This subroutine creates a set of contour lines.

Colours

KML natively handles all colours as 32-bit values, expressed as 8-digit hexadecimal numbers in ABGR (alpha-blue-green-red) channel order. However, this is not very friendly. WKML provides a nicer interface to this, and all WKML functions which accept colour arguments will accept them in three ways:

(*color) color_t: the colour is passed as a wkml color_t derived type. This type is opaque and is created as described below.
(*colorname) string: a free-text string describing a colour. WKML understands any of the approximately 700 colour names used by X11.
(*colorhex) string(len=8): an 8-digit ABGR hexadecimal number as understood by Google Earth.

A function and a subroutine are provided to maniputate the color_t derived type:

kmlGetCustomColor

This function takes a single argument of type integer or string and returns a color_t derived type. If the argument is a string the colour is taken from the set of X11 colours, if it is an integer, i, the ith colour is selected from the X11 list.

kmlSetCustomColor
myCI color_t: This intent(out) variable is set to the chosen colour.
colorhex *string(len=8): an 8-digit ABGR hexadecimal number.

This functon takes a single argument of type string(len=8) representing an 8-digit AVGR hexadecimal number and returns a color_t derived type representing that colour.

Several features of wkml make use of "colour maps", arrays of the color_t derived type, which are used to relate numerical values to colours when showing fields of data. These are created and used thus:

program colours
  use FoX_wkml
  type(color_t) :: colourmap(10)

  ! Use X11 colours from 101 to 110:
  colourmap(1:10) = kmlGetCustomColor(101:110)
  ! Except for number 5 which should be red:
  colourmap(5) = kmlGetCustomColor("indian red")
  ! And for number 6 which should be black
  call kmlSetCustomColor(colourmp(6), "00000000")

end program colours

Styles

Controling styling in KML can be quite complex. Most of the subroutines in WKML allow some control of the generated style but they do not ptovide access to the full KML vocabulary which allows more complex styling. In order to access the more complex styles in KML it is necessary to create KML style maps - objects that are defined, named with a styleURL. The styleURL is then used to reference to the style defined by the map.

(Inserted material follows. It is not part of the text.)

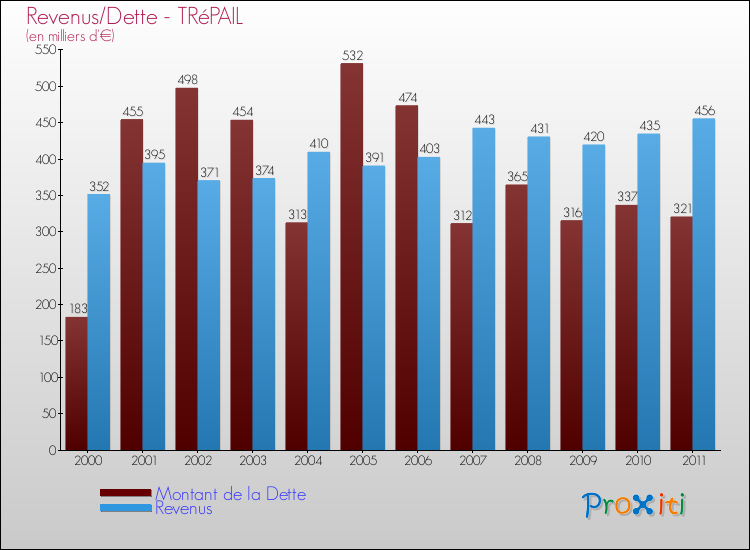 Evolution comparée de la dette et des revenus pour la commune de TRéPAIL de 2000 à 2011 Comparaison de la dette et des revenus pour TRéPAIL de 2000 à 2011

Styles can be created using the following three subroutines. In each case one argument is necessary: id, which must be a string (starting with an alphabetic letter, and containing no spaces or punctuation marks) which is used later on to reference the style. All other arguments are optional.

kmlCreatePointStyle
fx: xmlf_t: An XML file object
id: string scalar: A URL for the style
(scale): real or integer scalar: A scale factor to set the size of the image displayed at the point (note, if both are present, scale and heading must be of the same type).
(color): color_t: Point colour as a kml color type (See Colours)
(colorname): string scalar: Point colour as a name (See Colours)
(colorhex): string(len=8) scalar: Point colour in hex (See Colours)
(colormode): string(len=6) scalar: A string, either normal or random - if random, the colour will be randomly changed. See the KML documentation
(heading): real or integer scalar: direction to "point" the point icon in (between 0 and 360 degreesnote, if both are present, scale and heading must be of the same type).
(iconhref): string scalar: URL of an icon used to draw the point (e.g. from an http server).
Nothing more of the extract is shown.